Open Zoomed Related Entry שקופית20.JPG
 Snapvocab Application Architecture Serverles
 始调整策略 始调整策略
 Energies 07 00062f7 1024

> _Work instruction_: Print out, without change, each line from the line holding "Snapvocab Application Architecture Serverles" to the final line of the material.

> _Solution for this task_:
 Snapvocab Application Architecture Serverles
 始调整策略 始调整策略
 Energies 07 00062f7 1024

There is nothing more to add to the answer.